= Michael Otterson =

Australian journalist and Mormon leader

Michael R. Otterson was the managing director of Public Affairs for the Church of Jesus Christ of Latter-day Saints (LDS Church) from 2008 to 2016. In April 2016, the church announced that he would retire at the end of August 2016 and be replaced by Richard E. Turley, Jr. On 1 November 2016, he began a new assignment, along with his wife, as president and matron of the London England Temple.

== Biography ==

Otterson is a convert to the LDS Church. Born in Liverpool, England and educated in Britain, he entered journalism in his native city of Liverpool before moving to Australia where he worked as a political reporter and sub-editor in South Australia and Canberra. Following a year's stint as a sub-editor on the Japan Times in Tokyo, he returned to the UK and was appointed Business Editor for the Liverpool Daily Post.

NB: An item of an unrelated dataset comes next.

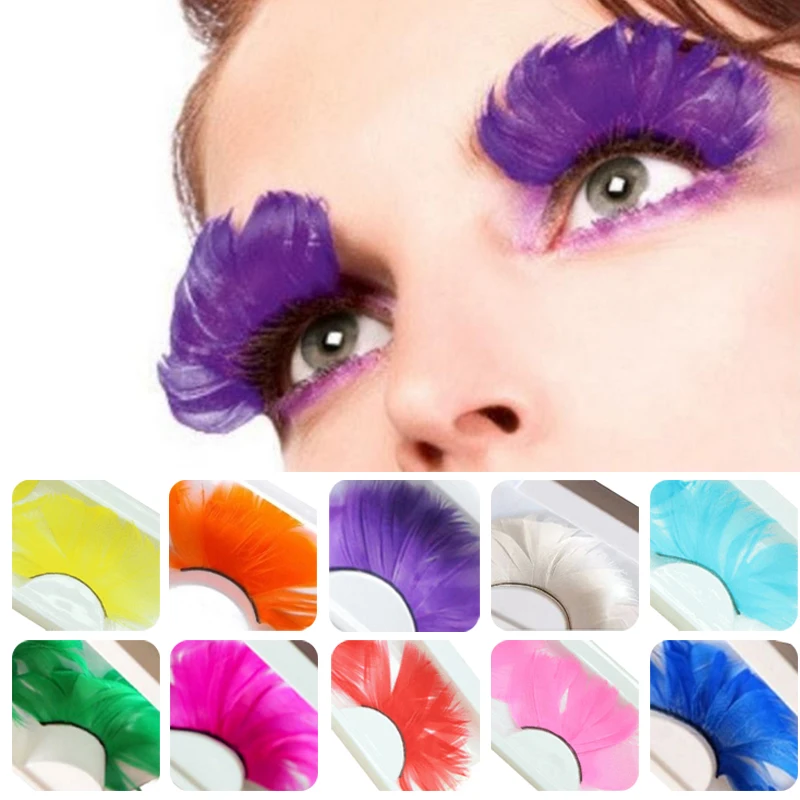 1Pair 3d Feather False Eyelash Extension Makeup Soft Hair Long Fake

In 1976 he left journalism to manage the London public affairs office of the LDS Church, which was then the only such office outside of the United States. He remained there until 1979 as Public Relations director for the LDS Church in the United Kingdom, when the church invited him to move back to Australia to open a new public affairs office in Sydney. He remained in that post for 12 years before moving to the United States in 1991 to manage the worldwide training program for church public affairs operations. He managed the church's news media relations from 1997 to 2008, when he became managing director of LDS public affairs. Otterson has served twice as a stake president – in Liverpool and in Sydney.

== Statements ==

In 2003 Otterson responded to a Newsweek article about the LDS Church, taking issue with its characterisation of the LDS Church as acting on superficial instead of deeply held beliefs. In 2003, Otterson was also the LDS Church's main point man in its response to Jon Krakauer's book on Mormonism, Under the Banner of Heaven.

In 2005 Otterson downplayed John M. Haddow's attempt to make the exclusion of Mormons from the National Prayer Breakfast connected with the National Day of Prayer into an issue of concern.

He was engaged as early as 2006 in positioning the church as politically neutral in relation to Mitt Romney running for president and once wrote an article in which he argued that Romney's religion should be a non-issue. He also was very vocal in stating that the LDS Church would give no institutional support to Romney.

In 2008 Otterson confirmed that Proposition 8 was one of the initiatives the LDS Church had been most heavily involved in.

In late 2009 Otterson gained national attention by making an official statement for the LDS Church in the Salt Lake City Council meeting in favour of city ordinances that included sexual orientation and gender identity among categories covered in fair housing and fair employment regulations. A year later, on 12 October 2010, he delivered an official statement for the church on bullying of gay young men.

Otterson has a regular blog published by The Washington Post on Mormon-related issues. Among topics he has addressed is the 2011 The Book of Mormon musical on Broadway.

== Writings ==

Besides periodical columns and various articles, Otterson is the author of Finding Your Family on the Internet: The Ultimate Guide to Online Family History Research (ISBN 1933317442).